EXTRACTED ENTRIES: Begin

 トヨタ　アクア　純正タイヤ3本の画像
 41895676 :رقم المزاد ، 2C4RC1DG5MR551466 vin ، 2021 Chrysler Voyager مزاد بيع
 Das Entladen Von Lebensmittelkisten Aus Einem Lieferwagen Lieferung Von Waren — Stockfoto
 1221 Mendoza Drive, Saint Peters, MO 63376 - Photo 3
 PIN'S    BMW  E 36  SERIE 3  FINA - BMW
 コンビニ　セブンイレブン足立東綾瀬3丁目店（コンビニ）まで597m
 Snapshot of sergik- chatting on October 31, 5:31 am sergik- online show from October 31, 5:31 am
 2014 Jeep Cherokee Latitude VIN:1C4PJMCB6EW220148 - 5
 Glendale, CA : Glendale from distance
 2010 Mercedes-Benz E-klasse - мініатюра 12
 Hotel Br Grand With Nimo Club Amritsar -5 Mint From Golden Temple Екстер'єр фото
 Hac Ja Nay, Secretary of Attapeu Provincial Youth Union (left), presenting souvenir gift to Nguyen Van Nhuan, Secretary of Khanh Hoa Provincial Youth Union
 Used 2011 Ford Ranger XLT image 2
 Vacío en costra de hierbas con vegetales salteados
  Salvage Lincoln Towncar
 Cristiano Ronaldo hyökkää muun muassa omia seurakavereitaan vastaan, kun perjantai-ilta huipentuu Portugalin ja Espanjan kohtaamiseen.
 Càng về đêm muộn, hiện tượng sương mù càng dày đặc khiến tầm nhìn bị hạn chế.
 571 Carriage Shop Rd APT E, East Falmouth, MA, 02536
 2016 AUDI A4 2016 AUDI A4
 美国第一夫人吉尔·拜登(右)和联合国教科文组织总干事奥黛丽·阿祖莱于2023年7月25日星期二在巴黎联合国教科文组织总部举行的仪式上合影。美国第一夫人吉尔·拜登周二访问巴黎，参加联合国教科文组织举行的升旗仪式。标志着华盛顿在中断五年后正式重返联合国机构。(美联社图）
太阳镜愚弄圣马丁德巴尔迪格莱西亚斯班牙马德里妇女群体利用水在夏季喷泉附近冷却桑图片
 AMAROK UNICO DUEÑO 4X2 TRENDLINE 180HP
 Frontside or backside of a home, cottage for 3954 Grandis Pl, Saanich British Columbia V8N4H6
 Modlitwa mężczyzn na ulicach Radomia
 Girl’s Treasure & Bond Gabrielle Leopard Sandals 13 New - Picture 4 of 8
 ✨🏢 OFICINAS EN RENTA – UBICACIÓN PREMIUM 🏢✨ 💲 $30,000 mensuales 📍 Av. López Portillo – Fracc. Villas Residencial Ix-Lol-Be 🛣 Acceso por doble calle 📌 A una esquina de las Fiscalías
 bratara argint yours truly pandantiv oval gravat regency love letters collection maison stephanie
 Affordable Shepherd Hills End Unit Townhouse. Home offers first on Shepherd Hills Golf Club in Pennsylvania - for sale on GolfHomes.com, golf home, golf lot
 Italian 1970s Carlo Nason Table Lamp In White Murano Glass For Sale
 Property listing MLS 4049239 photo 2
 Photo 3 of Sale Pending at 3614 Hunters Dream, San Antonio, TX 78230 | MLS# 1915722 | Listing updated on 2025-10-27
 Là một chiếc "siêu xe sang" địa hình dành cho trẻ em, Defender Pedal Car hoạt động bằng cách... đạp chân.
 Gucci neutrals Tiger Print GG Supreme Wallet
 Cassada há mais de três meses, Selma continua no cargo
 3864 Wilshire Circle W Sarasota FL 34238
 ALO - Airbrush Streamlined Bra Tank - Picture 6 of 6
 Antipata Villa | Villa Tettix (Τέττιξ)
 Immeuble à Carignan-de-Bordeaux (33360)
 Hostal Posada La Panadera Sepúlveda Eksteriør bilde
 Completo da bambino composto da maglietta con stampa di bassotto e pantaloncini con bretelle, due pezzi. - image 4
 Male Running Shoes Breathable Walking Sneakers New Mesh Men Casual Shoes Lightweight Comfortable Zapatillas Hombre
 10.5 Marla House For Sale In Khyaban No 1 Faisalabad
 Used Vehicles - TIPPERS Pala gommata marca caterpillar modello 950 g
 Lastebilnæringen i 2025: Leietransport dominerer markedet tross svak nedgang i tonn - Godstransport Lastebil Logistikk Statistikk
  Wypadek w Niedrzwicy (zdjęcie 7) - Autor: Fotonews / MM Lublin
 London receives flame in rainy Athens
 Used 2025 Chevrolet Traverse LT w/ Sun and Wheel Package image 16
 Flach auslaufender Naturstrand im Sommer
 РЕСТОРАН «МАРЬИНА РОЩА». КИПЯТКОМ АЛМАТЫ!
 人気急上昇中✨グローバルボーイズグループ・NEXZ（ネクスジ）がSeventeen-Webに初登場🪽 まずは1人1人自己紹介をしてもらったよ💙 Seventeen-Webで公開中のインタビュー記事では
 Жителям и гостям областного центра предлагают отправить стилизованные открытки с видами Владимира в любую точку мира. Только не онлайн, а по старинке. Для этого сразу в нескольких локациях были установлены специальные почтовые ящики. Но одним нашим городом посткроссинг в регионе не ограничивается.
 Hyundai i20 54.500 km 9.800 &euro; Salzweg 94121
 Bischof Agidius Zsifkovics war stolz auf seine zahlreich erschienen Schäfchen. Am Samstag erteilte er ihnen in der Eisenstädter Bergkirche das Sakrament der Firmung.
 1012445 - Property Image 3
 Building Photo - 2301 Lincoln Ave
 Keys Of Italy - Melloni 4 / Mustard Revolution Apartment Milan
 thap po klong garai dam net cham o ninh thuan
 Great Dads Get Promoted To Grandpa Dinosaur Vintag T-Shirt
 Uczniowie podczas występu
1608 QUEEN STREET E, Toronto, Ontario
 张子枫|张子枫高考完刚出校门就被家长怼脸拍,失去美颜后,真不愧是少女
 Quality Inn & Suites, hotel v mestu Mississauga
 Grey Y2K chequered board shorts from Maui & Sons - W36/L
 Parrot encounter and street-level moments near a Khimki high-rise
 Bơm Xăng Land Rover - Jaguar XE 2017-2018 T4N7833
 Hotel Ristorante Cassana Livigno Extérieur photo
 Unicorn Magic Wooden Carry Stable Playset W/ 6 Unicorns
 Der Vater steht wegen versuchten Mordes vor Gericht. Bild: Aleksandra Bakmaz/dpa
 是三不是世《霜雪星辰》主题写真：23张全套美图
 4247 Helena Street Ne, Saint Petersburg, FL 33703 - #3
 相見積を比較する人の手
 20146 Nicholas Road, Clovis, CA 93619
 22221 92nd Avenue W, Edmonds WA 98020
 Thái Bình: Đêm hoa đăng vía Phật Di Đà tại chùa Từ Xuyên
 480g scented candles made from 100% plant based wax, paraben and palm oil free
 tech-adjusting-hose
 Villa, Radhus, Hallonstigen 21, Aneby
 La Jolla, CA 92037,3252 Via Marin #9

EXTRACTED ENTRIES: End

→ TASK GOAL:
Keep to the lines above, from the first one through the line where "571 Carriage Shop" appears, and copy them exactly.

→ EXERCISE RESPONSE:
 トヨタ　アクア　純正タイヤ3本の画像
 41895676 :رقم المزاد ، 2C4RC1DG5MR551466 vin ، 2021 Chrysler Voyager مزاد بيع
 Das Entladen Von Lebensmittelkisten Aus Einem Lieferwagen Lieferung Von Waren — Stockfoto
 1221 Mendoza Drive, Saint Peters, MO 63376 - Photo 3
 PIN'S    BMW  E 36  SERIE 3  FINA - BMW
 コンビニ　セブンイレブン足立東綾瀬3丁目店（コンビニ）まで597m
 Snapshot of sergik- chatting on October 31, 5:31 am sergik- online show from October 31, 5:31 am
 2014 Jeep Cherokee Latitude VIN:1C4PJMCB6EW220148 - 5
 Glendale, CA : Glendale from distance
 2010 Mercedes-Benz E-klasse - мініатюра 12
 Hotel Br Grand With Nimo Club Amritsar -5 Mint From Golden Temple Екстер'єр фото
 Hac Ja Nay, Secretary of Attapeu Provincial Youth Union (left), presenting souvenir gift to Nguyen Van Nhuan, Secretary of Khanh Hoa Provincial Youth Union
 Used 2011 Ford Ranger XLT image 2
 Vacío en costra de hierbas con vegetales salteados
  Salvage Lincoln Towncar
 Cristiano Ronaldo hyökkää muun muassa omia seurakavereitaan vastaan, kun perjantai-ilta huipentuu Portugalin ja Espanjan kohtaamiseen.
 Càng về đêm muộn, hiện tượng sương mù càng dày đặc khiến tầm nhìn bị hạn chế.
 571 Carriage Shop Rd APT E, East Falmouth, MA, 02536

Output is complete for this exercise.